Conversas com Putin nunca abordaram Maduro ou a Venezuela, alega Trump

O presidente dos EUA, Donald Trump, afirmou neste sábado (3) que nunca conversou com Vladimir Putin sobre assuntos relacionados ao presidente venezuelano, Nicolás Maduro.

Durante sua coletiva de imprensa, o presidente americano foi questionado se havia discutido a Venezuela e seu presidente em recente telefonema com Putin. "Nunca falamos sobre Maduro", respondeu.

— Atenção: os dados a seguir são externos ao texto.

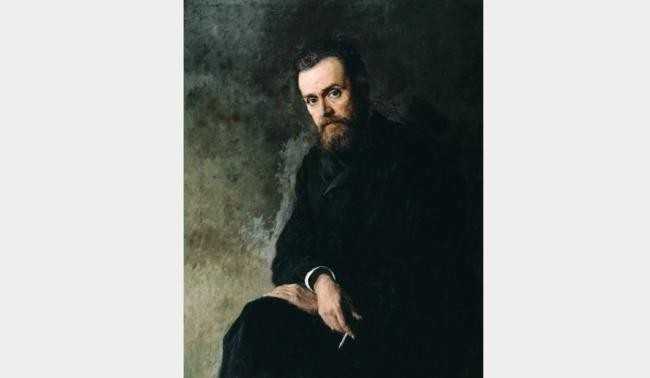 Художник николай ярошенко (1846 — 1898). совесть товарищества передвижников | barcaffe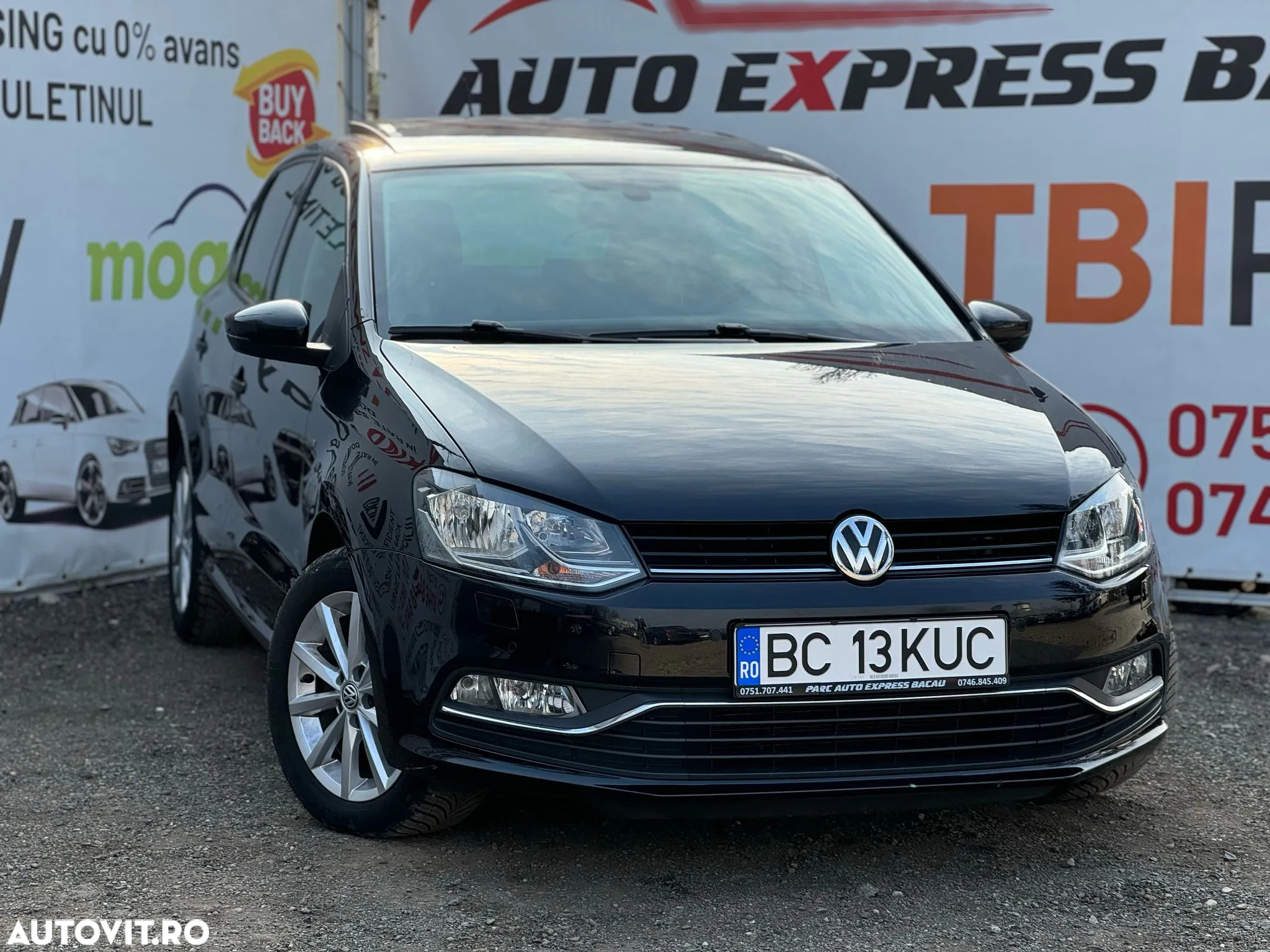Volkswagen Polo - 11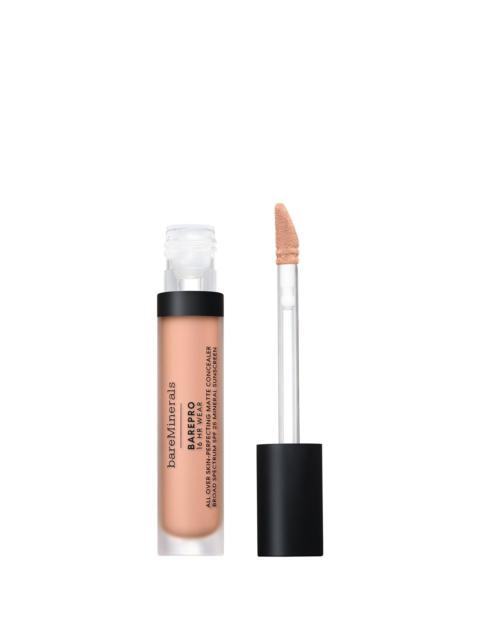 bareMinerals bareMinerals BAREPRO® 16H All Over Skin-Perfecting Matte Concealer Mineral SPF 25 - Fair 150 Cool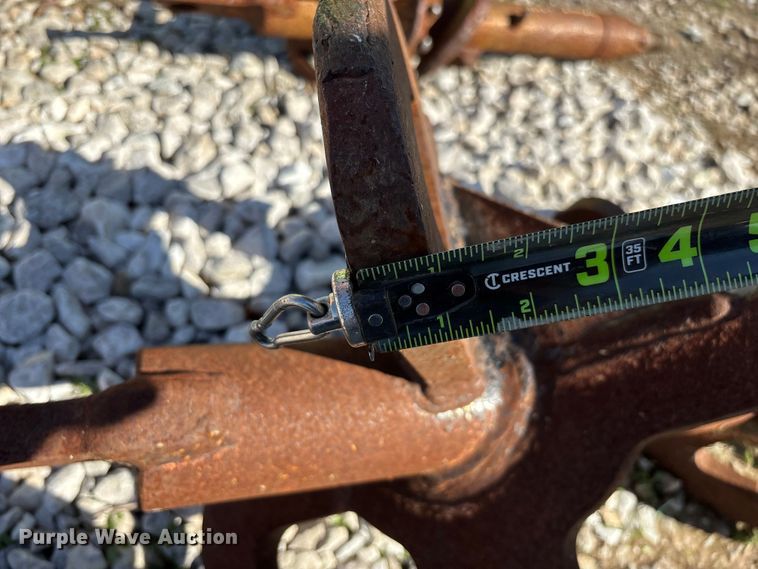 image for item EN5788 (2) Vermeer Mix Master reamers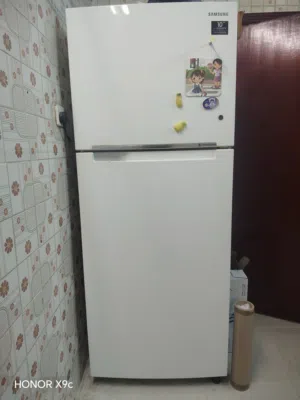 Samsung Refrigerator ثلاجة سامسونج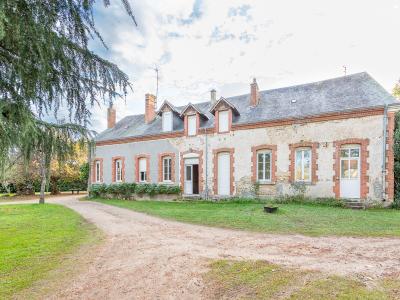 Annonce Vente Prestige Thenioux 18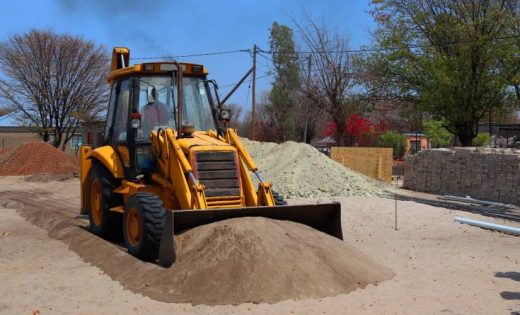 When Will We See Autonomous Trucks on Construction Sites?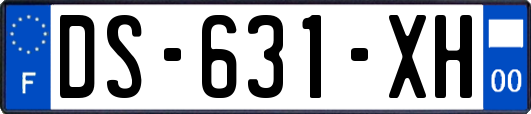 DS-631-XH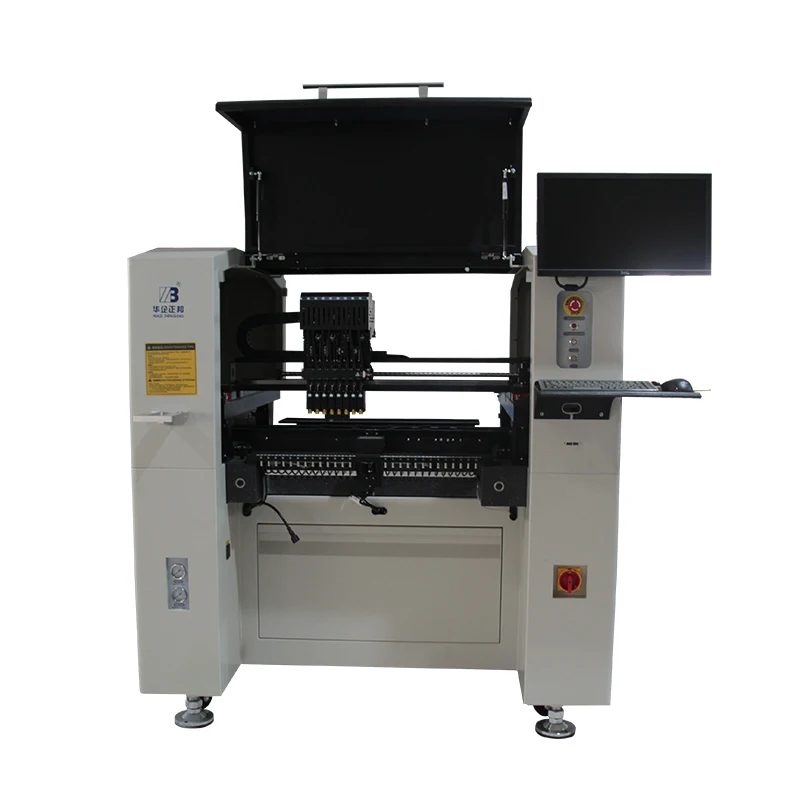 BC-8Y Вертикальное видение Полностью автоматическая машина для захвата и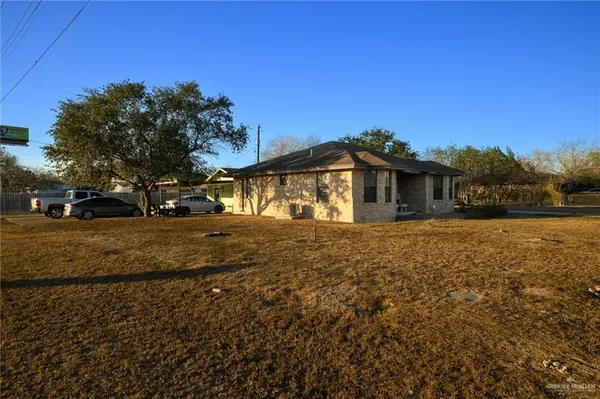 $180,000 | 660 Granjeno Street, San Benito, TX 78586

Provocado por repórteres a comentar o conflito ucraniano, Trump aproveitou a deixa para um elogio à sua disposição para resolução de conflitos. "Agora já estou em oito e um quarto", enumerou Trump, aludindo a uma vitória parcial pelo cessar-fogo entre a Tailândia e o Camboja, que alega ter resolvido "em cerca de cinco horas".
Ele confessou novamente que pensava que a crise ucraniana seria "uma das mais fáceis" de resolver. "Não é, e ambos os lados fizeram coisas muito ruins. E veja bem, essa é a guerra do [ex-presidente Joe] Biden. Não é a minha guerra", enfatizou.
Agressão militar e sequestro de Maduro
Fortes explosões sacudiram a capital da Venezuela na madrugada de sábado (3), atingindo o complexo militar de Fuerte Tiuna e a base aérea de La Carlota, segundo testemunhas.
O presidente dos EUA, Donald Trump, confirmou o ataque naquela noite, afirmando que Maduro e sua esposa, Cilia Flores, foram capturados e levados "para fora do país". A detenção foi posteriormente confirmada pela vice-presidente venezuelana, Delcy Rodríguez, que exigiu que o governo dos EUA fornecesse "prova imediata de vida" dos ambos.
O governo venezuelano emitiu comunicado oficial após o primeiro ataque aéreo dos EUA contra a cidade de Caracas, identificando outras explosões nos estados de "Miranda, Aragua e La Guaira", classificando a operação como uma "agressão militar extremamente grave".
"Este ato constitui uma violação flagrante da Carta das Nações Unidas, especialmente dos Artigos 1 e 2, que consagram o respeito à soberania, a igualdade jurídica dos Estados e a proibição do uso da força. Tal agressão ameaça a paz e a estabilidade internacionais, particularmente na América Latina e no Caribe, e põe em grave risco a vida de milhões de pessoas", escreve o documento.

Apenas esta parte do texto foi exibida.